Whenever I try to answer this question I go back to the data warehouse mission statement, which can be said in four words: Publish The Right Data. “Publish” means to present the data assets of the organization in the most effective possible way. Such a presentation must be understandable, compelling, attractively presented, and immediately accessible. Think of a high quality conventional publication. “Right Data” means those data assets that most effectively inform decision makers for all types of decisions ranging from real-time tactical to long term strategic.
Taking the mission statement seriously means that the data warehouse must encompass all the components necessary to publish the right data. Yes, this is an expansive view! At the same time, the data warehouse actually has well defined boundaries. The data warehouse is NOT responsible for original data generation, or defining security or compliance policies, or building storage infrastructure, or building enterprise service oriented architecture (SOA) infrastructure, or implementing the enterprise message bus architecture, or figuring out software-as-a-service (SAAS) applications, or committing all of IT to the cloud, or building the enterprise master data management (MDM) system. Does that make you feel better?

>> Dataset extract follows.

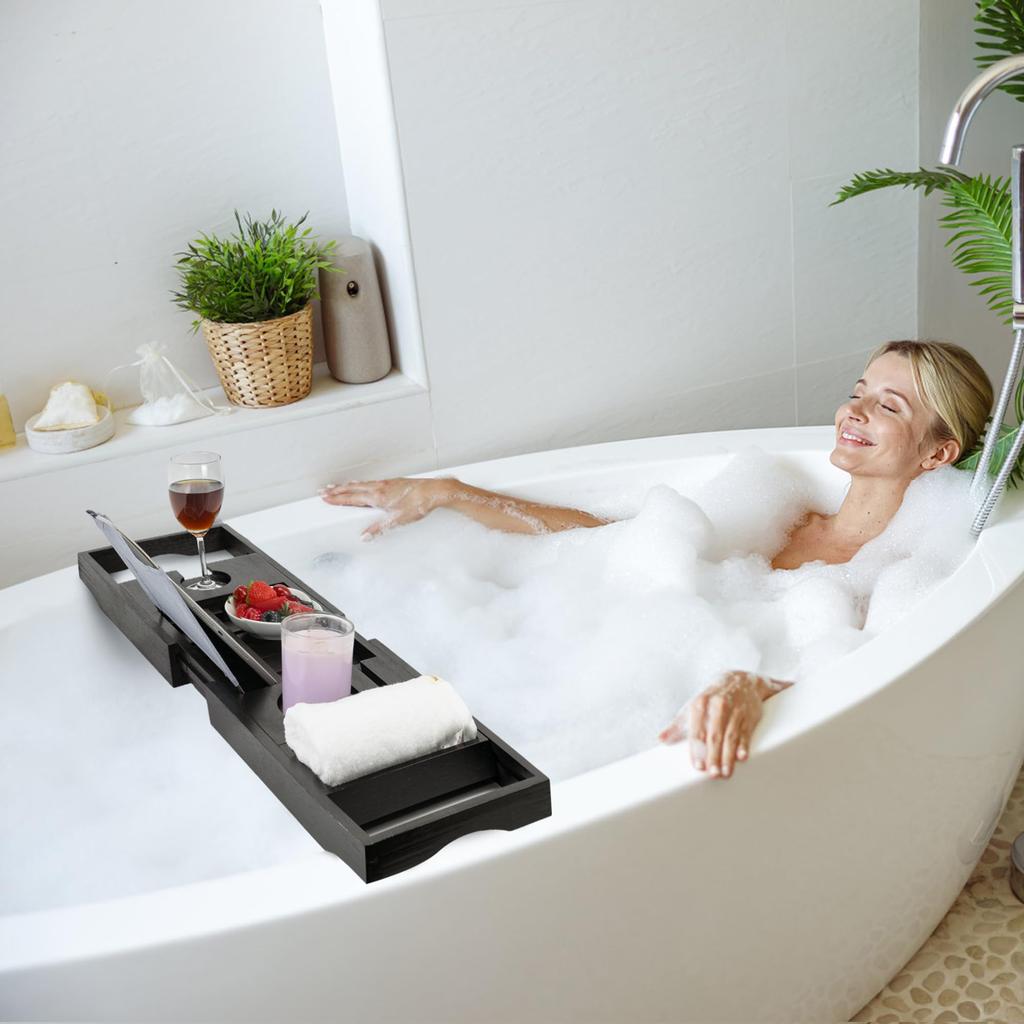 Utoplike Bamboo Bath Tray, Adjustable Bath Tray, Bath Table, Bath Rack, Bath Tray, Portable Wine Holder, Black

All of the above mentioned exclusions (shall we say headaches?) are necessary parts of the IT ecosystem that the data warehouse absolutely needs and uses. We data warehousers need to focus on the key pieces that enable us to publish the right data. We must own and control the extraction interfaces to all of the data needed to fulfill our mission. That means considerable influence over the source systems, both internal and external, that provide us with our data. We must own and control the data virtualization specs, even if they sit right on top of operational systems. We must own and control everything that makes up the “platform” for BI, including all final presentation schemas, user views, and OLAP cubes. And finally it must be clear to management that the new pockets of Big Data analytic modelers sprouting up in end user departments need to participate in the data warehouse mission. The new Big Data tools including MapReduce, Hadoop, Pig, Hive, HBase, and Cassandra are absolutely part of the data warehouse sphere of influence.
From time to time, vendors try to invalidate tried and true approaches so that they can position themselves as doing something new and different. Don’t let them get away with that! Data warehousing has an enormous and durable legacy. Keep reminding IT management and senior business management of the natural and expected expanding boundaries of the data warehouse.